I spoke the above to a friend today, and they confidently thanked me. I was delightedly surprised by their response… I had said the above or similar several times to them, but in the past they had always blushed, stammered, said they didn’t deserve it, deflected the praise and changed the subject.
This time was different.
I asked my friend what the difference was, and they said that it was because I had spoken it this time in Spanish. Normally we speak together in English, with Spanish sprinkled in here and there, but today’s conversation was almost entirely in Spanish. My friend said that my words felt much more “true” or maybe even “sincere” than when I said the same things in English.
The Language Of The Heart
It shocks people when I bare these feelings to them so frankly, as if such words should be reserved for intimate partners and immediate family members, or not shared at all. However, when I do share them, the interaction invariably increases the love in the world, and deepens relationships and bonds between people.
Failing to express love is one of the deepest and most painful regrets known to humankind. How many times have you heard someone say: “I wish I could tell him how much I cared about him, but… we just don’t talk like that in my family” or “before my dad died, we had just had an awful fight; I wish I could take back my words and tell him how much I looked up to him” or “I wish I could tell her I loved her one more time.”
In addition to simply adding beauty to the world, when I consistently invest positive energy this way into the “love-relationship bank,” my relationships are more robust. This is a nice way of describing that when I do or say something stupid or hurtful, my loved ones tend to forgive me more easily.

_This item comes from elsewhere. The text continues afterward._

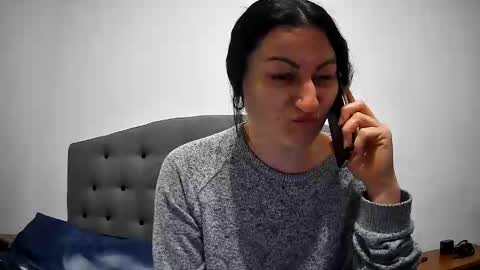 Snapshot of mikyloveu chatting on February 1, 3:50 pm Mikyloveu online show from February 1, 3:50 pm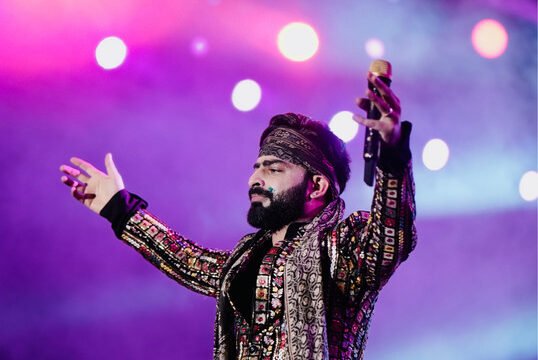 ab6761610000e5eb113ada7be72a8ce199e9f450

Often, I believe the loving words, but sometimes I don’t or can’t. My response at those times is to blush, stammer, say I don’t deserve it, deflect the praise and change the subject. Sometimes I go so far as to get angry at myself for being hypocritical, since I “know” that I don’t deserve any of that love.
I use my mental response to my expression of self-love as a barometer for my mood. I have battled the bleak miasmic malaise of depression for most of my life. Honestly this self-love mantra is as much a survival skill as a desire to make the world a better place.
I spent 6 months without hot water a number of years ago, and it was such a miserable experience that to this day I am mind-numbingly soul-shriekingly grateful for hot showers every single time I step into one. I use this instant-gratitude-creating moment to invigorate my self-love, confessing faith in myself and describing what I appreciate about my heart, mind, soul, psyche and body.
If my reaction to these self-loving statements is an acceptance and a warm glow, I go on with my day as planned.
However, if my reaction to these self-loving statements is anger or despair, I immediately instigate plans for emergency soul-feeing self-care activities for the day. I sing love songs, stupid songs or funny songs. I engage with life. I dance with wild abandon. I watch uplifting movies. I call friends I know I can cry with. I seek safe, structured alone time, or surrounded-by-friends social time, or whatever I need.
What I don’t do is allow myself to isolate, pull into myself and curl up into a fetal ball and try to disappear. That way lies madness, and sadness, and badness. God knows I’ve been there, and it’s not a pretty place.
I create and invoke these self-loving statements every day, whether I believe them or not. I devise them based on my sincere feelings of the moment, and what I am grateful for. They don’t treat depression, and this is not empty “think positive and everything will be all right” drivel. This is razor-sharp honesty and sincerity expressing the value I know I bring to the world through my love, and taking care of myself when I feel like I can’t, or don’t deserve to.
An example: I feel excruciatingly guilty because I couldn’t provide emotional support to a friend who was struggling through a harrowing experience. She called me for help yesterday, but I had nothing to offer. I am physically ill and have no energy, motivation, drive or ability to go outside myself and provide the level of compassion and caring that I normally would.
But you know what? I am doing my best. Even if I’m not satisfied with what I am doing, and I know that better is possible, I am doing my best at this very moment, and for that I am thankful, and grateful, and beautiful. But I also suck, too. But it’s okay to suck sometimes. When you know you’re truly giving your best, then that’s all you can ask for.
Believing That Others Can Love Me
But if it’s something that I do, feel, offer to others, create, or shine, then I start saying their praise to myself for the next couple days to help myself believe it. And it works. Well, I might as well be honest. It works sometimes. But it never causes me harm
I work hard, I care, I have compassion, I raise other people up, and when I appreciate those things in myself, others’ words of praise enter me so much more deeply.
When I don’t already believe their words in my heart, their love bounces off my outer protective sphere and doesn’t even enter into the most superficial layers of my being. It simply doesn’t resonate with me. So I do everything in my power to fix that.
When I do believe their words in my heart, though, it is like I am accepting their golden-glowing nurturing love directly into my soul. And that feeling makes the world go around.
So yes, I am going to continue saying “I love you” to those around me, and to myself. And make the world a better place.
Do you speak loving words to yourself and others? Do you believe them, and do they believe you? How does it affect you and your relationships when you do believe?